By Claire Ferris-Lay
EXCLUSIVE: Lenders in UAE reduce loan to value ratios amid global credit crunch.
UAE banks and home finance firms have cut their loan to value ratios by as much as 25 percent as the global credit crunch continues to tighten its grip on regional markets.
Tamweel and Amlak, the biggest Islamic mortgage lenders in the UAE, have both dropped their loan to value ratio in the last two weeks. Tamweel has lowered its maximum amount from 90 to 75 percent while rival Amlak has dropped its loan to value ratio from 90 to 65 percent.
“The base case has always been between 70-80 percent and anything in the 90 percent range was on a promotional basis, we have now stopped the promotion,” Nabil Alwan, head of marketing & product development at Tamweel told Arabian Business.

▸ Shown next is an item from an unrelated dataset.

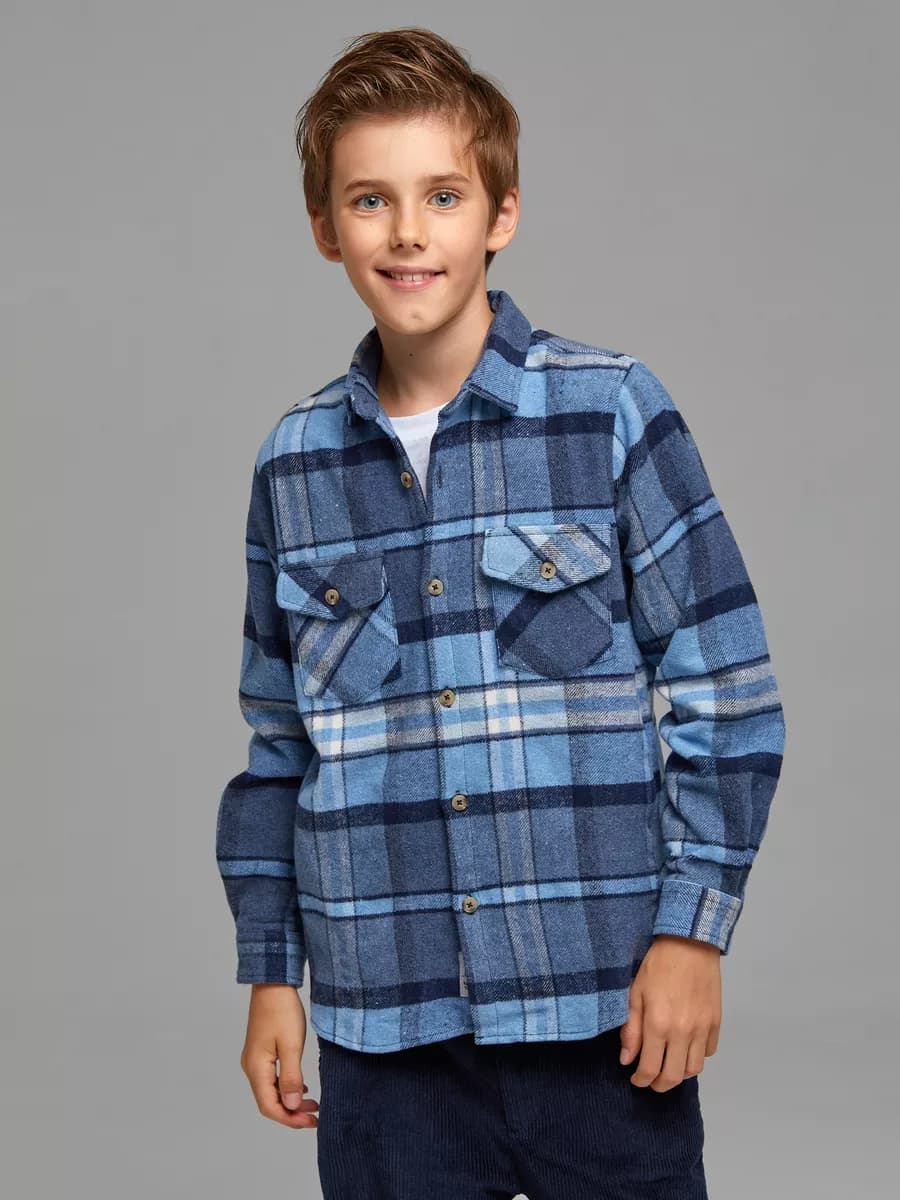 Утепленная фланелевая рубашка для мальчика клетка школьная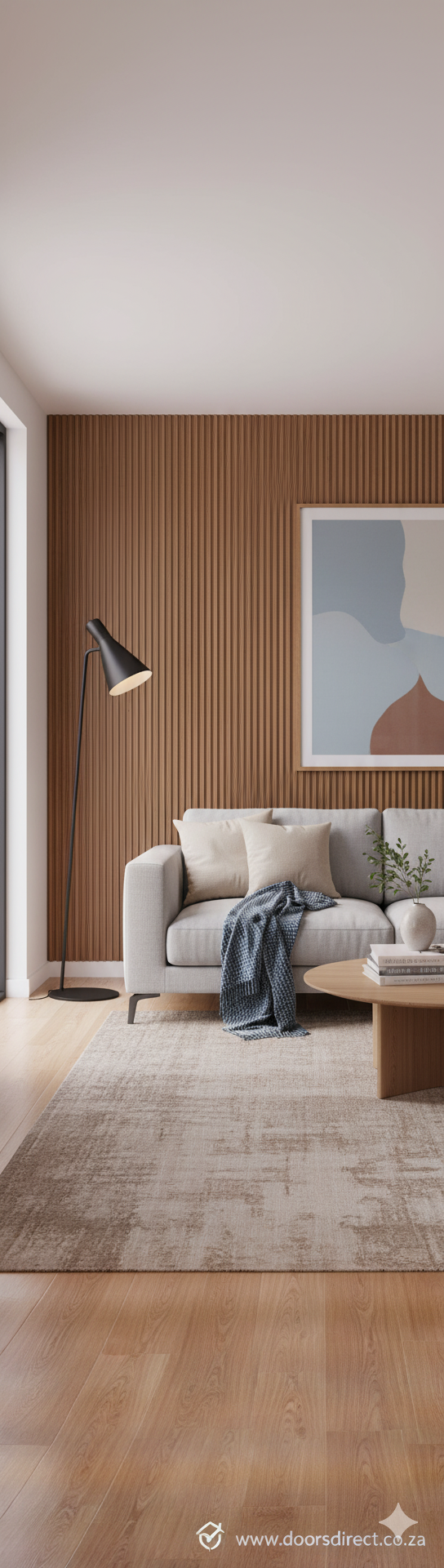 Brown fluted wall cladding installed in a modern living room with beige furniture and a lamp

The deepening global credit crisis has forced governments to bail out banks as liquidity dries up. Last week the US approved a $700bn plan to prop up its financial institutions while the UK today announced that its own banks would get an $87bn lifeline. Last month the UAE central bank pumped $13.6bn into the UAE banking system in a bid to ease the impact of the liquidity crunch.
Lenders are lowering mortgage rates as credit tightens and home price growth slows.
In September HSBC Middle East lowered its loan to value ratio from 80 to 70 percent. Lloyds TSB, which currently lends a maximum of 80 percent against villas and 70 percent against apartments, has said it is reviewing its loan to value ratio in line with its international mortgage offerings.
“Having reduced our loan to value ratio on our international mortgage in line with the changing global market conditions, we are currently reviewing our local mortgage offering to further ensure customers are protected and able to repay any borrowing extended to them,” said Richard Hextall, head of personal banking at Lloyds TSB Middle East.
Emirates NBD, the Gulf's largest lender by assets, on Wednesday announced it would offer fewer large loans and long-term repayment schemes in a campaign to encourage responsible lending after the global credit crunch.
“Large loan amounts and long repayment periods that can place a considerable strain on the borrower will be minimized through this process,” the bank said in a statement on its website.